When we first dove into the GenAI space in early 2023, we noticed something that didn't sit right with us. Nearly every tool was built for engineers and data scientists—the folks building the infrastructure. Makes sense, right? The field was new, and technical professionals were racing to launch innovative applications and showcase what this technology could do.

As we talked with teams implementing AI solutions, we watched the rise of "AI Engineers" and prompt specialists. Open-source libraries multiplied overnight. Products like Langsmith evolved to help with productivity, introducing features for testing prompts and configurations. Engineers were happy, and domain experts had ways to contribute.

But something was missing.

A Painful Reality to measure quality

After speaking with over 100 teams building AI products, we discovered a frustrating truth: product leaders were being left behind. The tools weren't designed with them in mind. We saw product leaders painfully reviewing agent runs manually, forced to sift through long text chunks for tiny insights into what actually works.

This hit close to home for us. In most companies—AI-powered or not—product leaders make the tough calls that. They're the ones who need to know if something's working, why it isn't, and plan fixing it.
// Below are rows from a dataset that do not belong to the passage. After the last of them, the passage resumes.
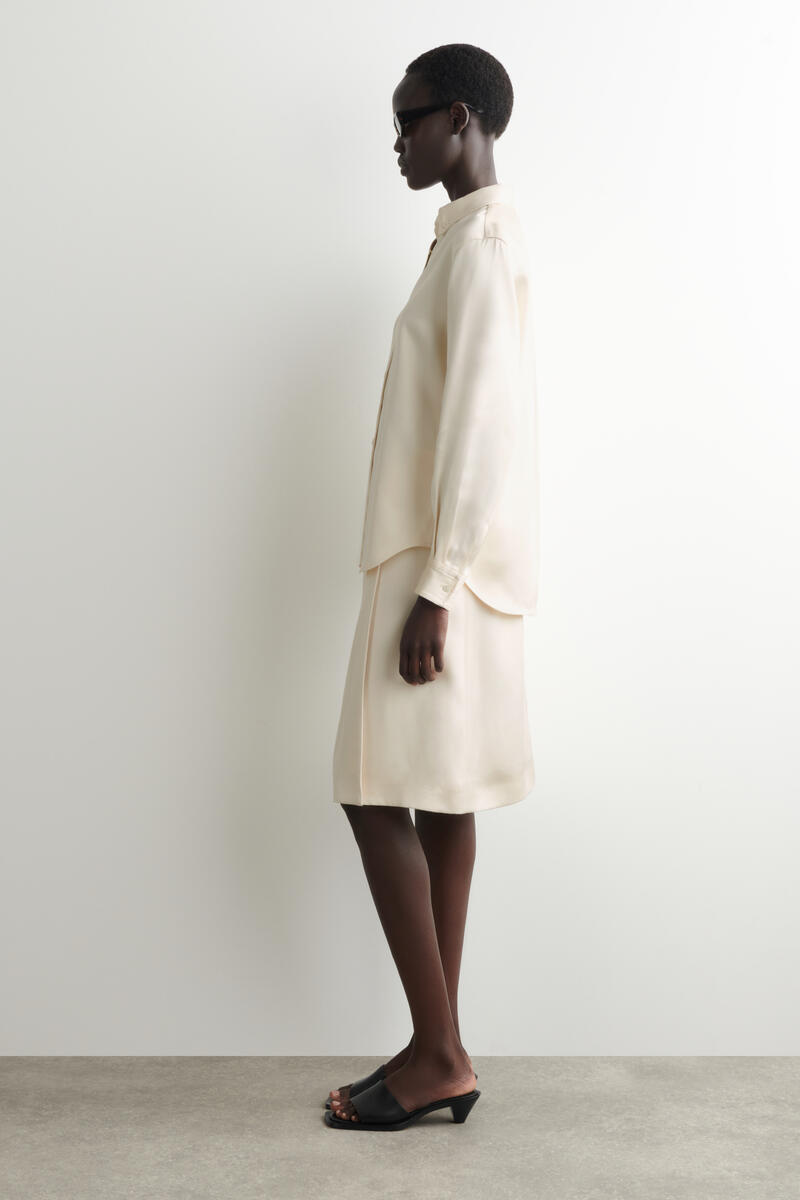 COS ボタンダウンカラー　サテンシャツ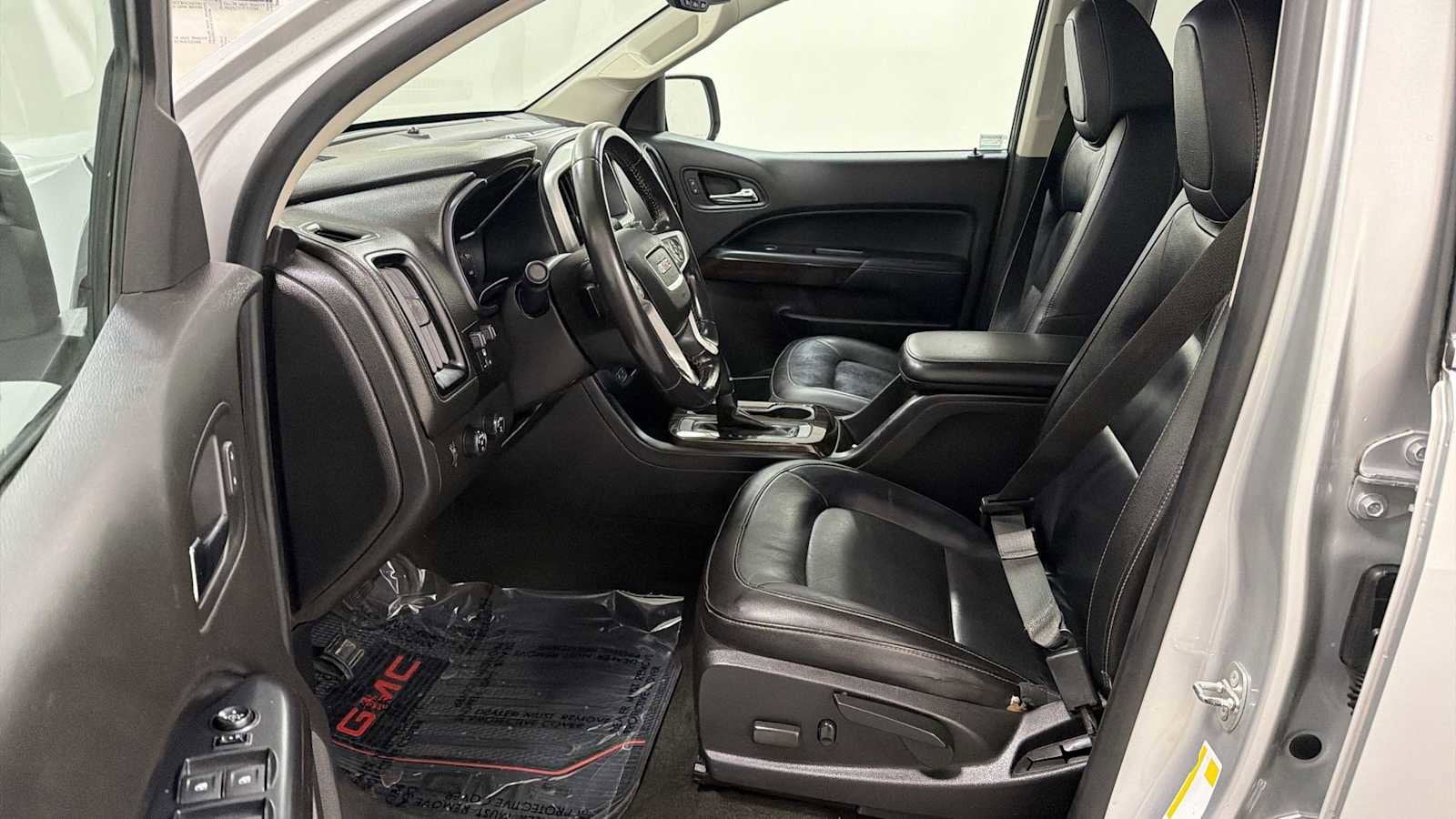 Thumbnail: 2017 GMC Canyon - 13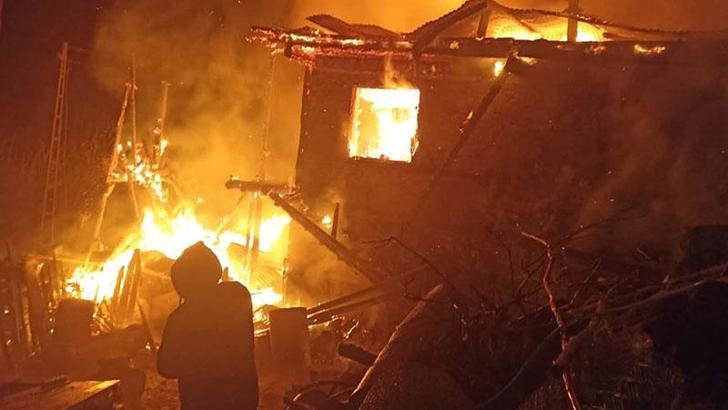 Evde çıkan yangın, okul lojmanına sıçradı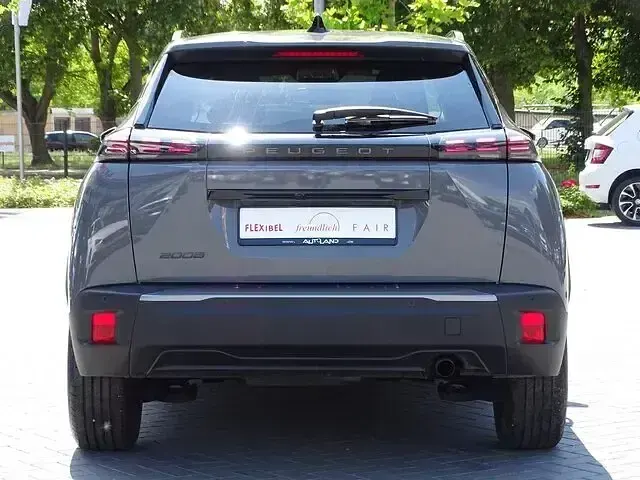 Gebraucht Peugeot 2008 101 PS (74 kW) 2025 Grau SUV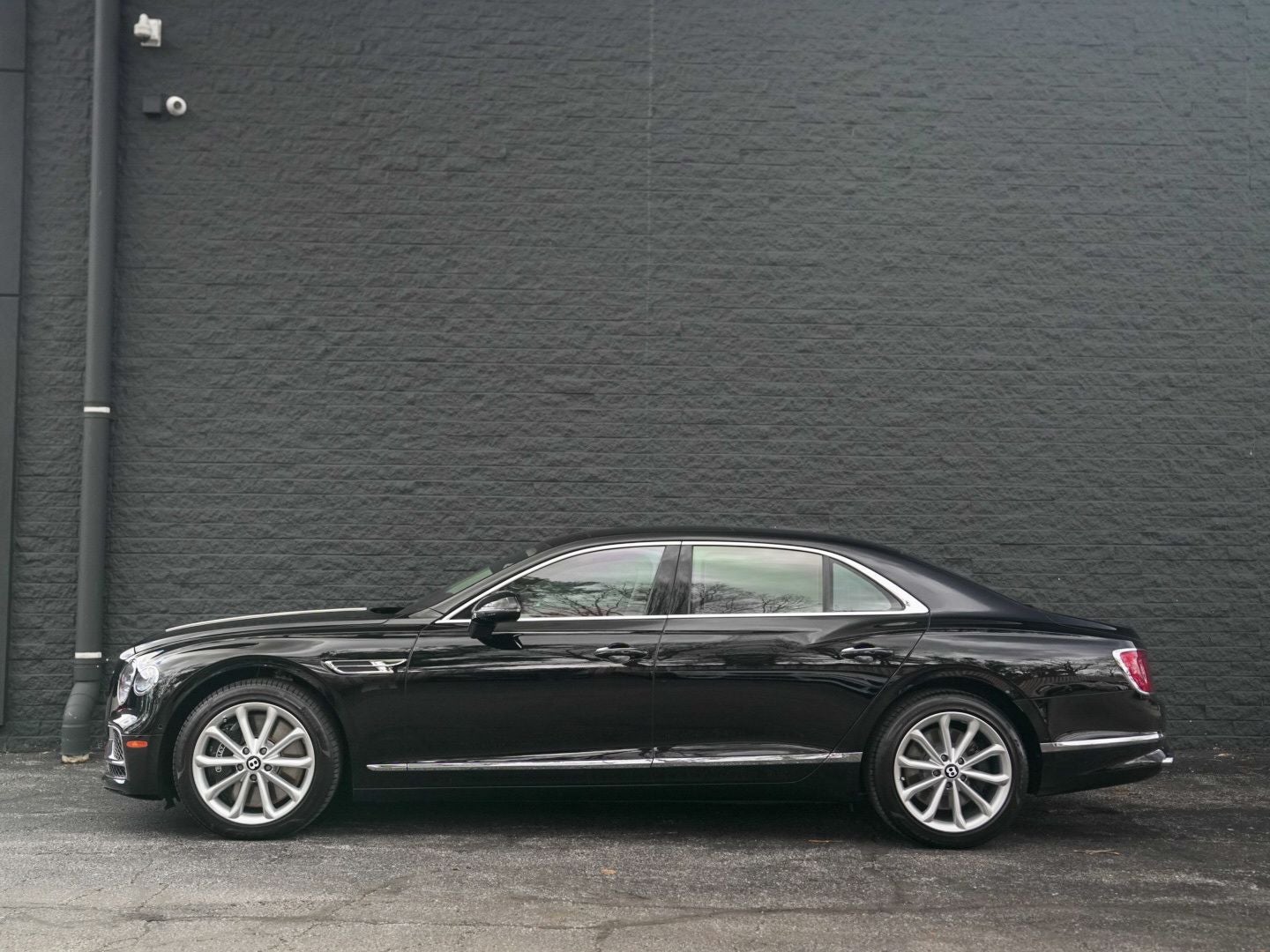 2023 Bentley Flying Spur V8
This need previously gave rise to giants like Amplitude, Mixpanel, and Fullstory. But here's the hard truth we've discovered: these platforms fall flat when analyzing GenAI applications with text or audio interactions. The unstructured nature of these interactions creates a blindspot that existing tools weren't built to address.

Three Questions AI Product Leaders Struggle to Answer

Through our conversations with early customers, we've identified three critical questions:

1. Where is it lacking?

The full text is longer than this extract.